▶ _MATERIAL SHOWN_:
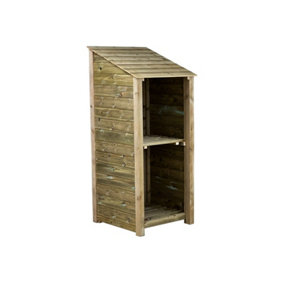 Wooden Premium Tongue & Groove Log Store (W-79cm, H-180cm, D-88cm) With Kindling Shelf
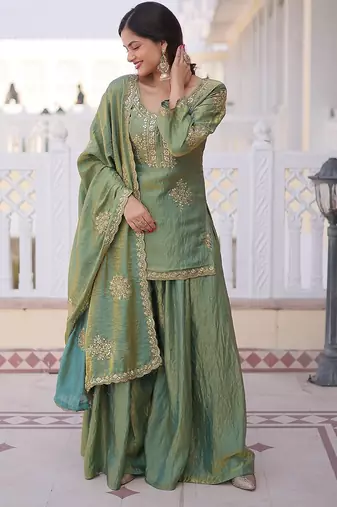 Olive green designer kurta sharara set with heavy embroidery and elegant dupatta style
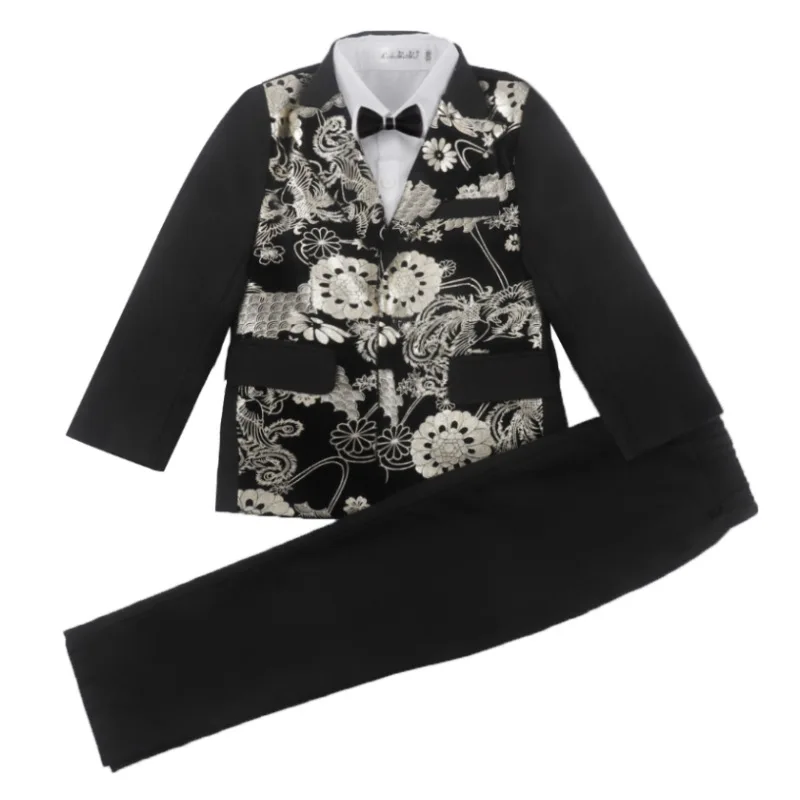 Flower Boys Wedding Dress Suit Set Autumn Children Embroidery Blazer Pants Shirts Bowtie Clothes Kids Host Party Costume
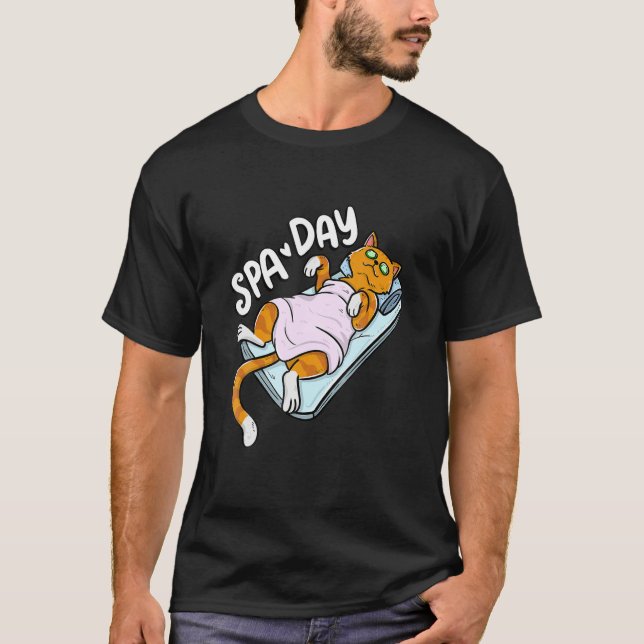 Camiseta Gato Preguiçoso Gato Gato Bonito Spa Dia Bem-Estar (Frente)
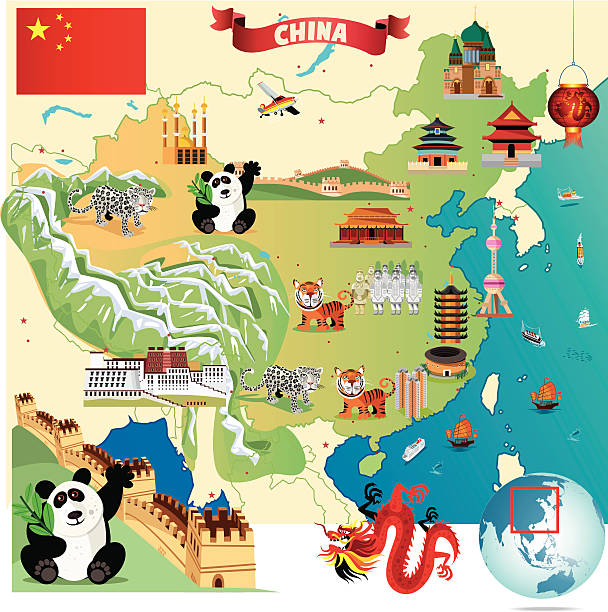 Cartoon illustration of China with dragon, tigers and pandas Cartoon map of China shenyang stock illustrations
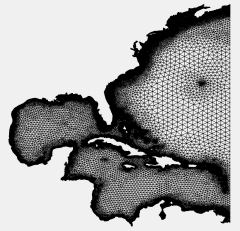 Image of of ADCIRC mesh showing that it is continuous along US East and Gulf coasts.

--

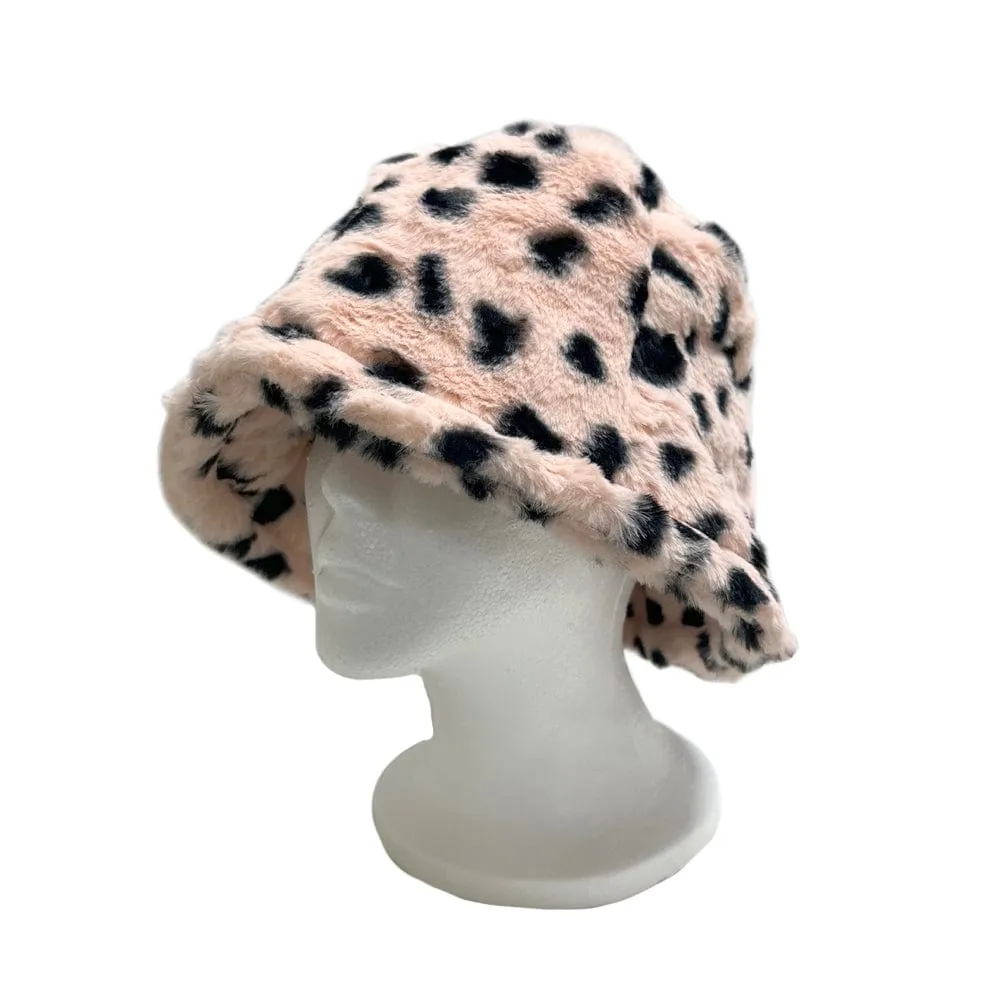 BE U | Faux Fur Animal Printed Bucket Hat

▶ _WHAT THE TASK ASKS_: Write out the lines above from the one with "Olive green designer" through the one with "Flower Boys Wedding", ends included, exactly; no picture goes in.

▶ _REPLY_:
 Olive green designer kurta sharara set with heavy embroidery and elegant dupatta style
 Flower Boys Wedding Dress Suit Set Autumn Children Embroidery Blazer Pants Shirts Bowtie Clothes Kids Host Party Costume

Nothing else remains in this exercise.